Request collapsing

Request collapsing is the practice of combining multiple requests for the same object into a single request to origin, and then potentially using the resulting response to satisfy all pending requests.

This is an important concept in the operation of Fastly's caching network, for two reasons:

  1. It solves an important problem, by preventing the expiry of a very highly demanded object in the cache causing an immediate flood of requests to an origin server, which might otherwise overwhelm it or consume expensive resources.
  2. The need to perform request collapsing explains several significant aspects of the design of our VCL request lifecycle.

Requests processed by vcl_miss (i.e. cache misses) will qualify for request collapsing unless the request is rerouted to vcl_pass by returning pass in vcl_miss or setting req.hash_ignore_busy in vcl_recv. Collapsing is also disabled automatically if a request matches a hit-for-pass object in cache during a cache lookup. In this case, control will move from vcl_hash directly to vcl_pass without calling miss or hit.

A hit-for-pass object is created and inserted into cache if return(pass) is found in vcl_fetch, for a cacheable response. In this situation, requests that have joined the waiting list are dequeued and processed separately, and future requests arriving during the TTL of the hit-for-pass object. See below for more details.

These scenarios are laid out below (non-default behaviors in bold):

ScenarioCollapsingOverall result
return(lookup) in recv, cache miss, return(fetch) in miss, return(deliver) in fetch (default behavior)EnabledRequests will collapse and receive copies of the same object when it's received from origin.
return(lookup) in recv, cache miss, return(fetch) in miss, return(pass) in fetchEnabledRequests will collapse, blocking on the first origin fetch, but when the response is received, the waiting requests will be dequeued and processed individually. A hit-for-pass object will be created. Subsequent requests will follow hit-for-pass rules (see below).
return(lookup) in recv, cache hit-for-passDisabledRequest will not be eligible for collapsing. Other requests for the same object received while waiting for the first to be received from origin will initiate independent fetches to origin. Response will not be cacheable.
return(pass) in recv or missDisabledAs above.
set req.hash_ignore_busy = true in recvDisabledRequest will not be eligible for collapsing. Other requests for the same object received while waiting for the first to be received from origin will initiate independent fetches to origin. Resulting origin response will be cacheable.

Request collapsing is not affected by whether a request has been restarted.

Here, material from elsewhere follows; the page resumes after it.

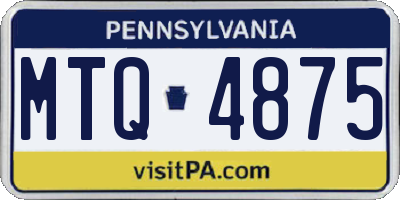 PA license plate MTQ4875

WARNING:: If a request exits vcl_fetch with beresp.cacheable set to false, then the response cannot be used to satisfy waiting clients, but we also cannot create a hit-for-pass marker. In this situation the next request in the queue will be sent to origin and the remaining clients will wait on that. Normally this results in the same outcome repeatedly, so to avoid this, you may prefer to always set beresp.cacheable to true and where you don't want to cache an object, return(pass) from vcl_fetch.

Without request collapsing - the cache stampede problem

Request collapsing is important because in practice the interval between requests for the same object is often smaller than the time required to fetch the object from origin. For example, the home page of a popular website might be requested 50 times per second, but might take 500ms to fetch from origin, including the network latency and origin processing time. Without request collapsing, the origin would be required to generate the same page multiple times concurrently:

Illustration of multiple requests going to origin at the same time

This might not be a problem if the number of concurrent requests is small, but for an object requested 50 times per second, with a 500ms fetch latency, the origin would be processing 25 concurrent requests for the same object before Fastly had the opportunity to store it in cache. This may also mean that where an object is already in cache, the moment it expires or is evicted the origin server will receive a sudden deluge of requests and become overloaded. This kind of effect is often called a cache stampede problem.

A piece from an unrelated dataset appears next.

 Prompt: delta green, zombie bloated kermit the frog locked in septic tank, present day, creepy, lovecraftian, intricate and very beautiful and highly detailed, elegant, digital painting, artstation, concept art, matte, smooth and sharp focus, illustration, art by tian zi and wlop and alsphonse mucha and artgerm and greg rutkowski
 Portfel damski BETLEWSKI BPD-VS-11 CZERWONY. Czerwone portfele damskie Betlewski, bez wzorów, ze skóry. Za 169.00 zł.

The waiting list mechanism

The answer is to have a queue, which Fastly calls a 'waiting list'. When the second request arrives, we know that we’re already in the process of fetching the resource that they want, so instead of starting a second fetch, we can attach user 2's request to user 1’s. When the fetch completes, the response can be saved in the cache, and also served simultaneously to both waiting users (and anyone else that’s joined on in the meantime).

Illustration of multiple requests being collapsed into one

Uncacheable and private responses

Request collapsing is essential to manage demand for high-traffic resources, but it creates numerous edge cases and exceptions that have to be addressed. The first and most obvious is what happens if the resource, once it arrives from the origin, is marked private.

Cache-Control: private

HINT: One of many reasons you should be using Cache-Control and not Expires for your caching configuration is the ability to use directives like private. The private directive tells Fastly that this response is good for only one user, the one that originally triggered the request. Anyone else that got tagged onto the queue must now be dequeued and their requests processed individually.

Responses not marked private, may be used to satisfy queued requests. Even a response with max-age=0 or the equivalent no-cache can be used to satisfy all the waiting clients, and the next request for the object will once again be a MISS. If your reason for giving a response a zero cache lifetime is that it contains content intended for a single user only, then ensure it is correctly marked private to avoid having this content sent to more than one user.


When a private cache-control directive or other logic causes a pass outcome in vcl_fetch, it prevents a response from being used to satisfy the clients on the waiting list, and triggers some of the queued requests to be dequeued. Since the cache state may have changed, each of these queued requests will now check cache again, and if they don't find a hit, they will all be sent to origin individually. However, whether this is done concurrently or consecutively depends on whether the pass response from vcl_fetch is cacheable. A cacheable response is one where beresp.cacheable is true.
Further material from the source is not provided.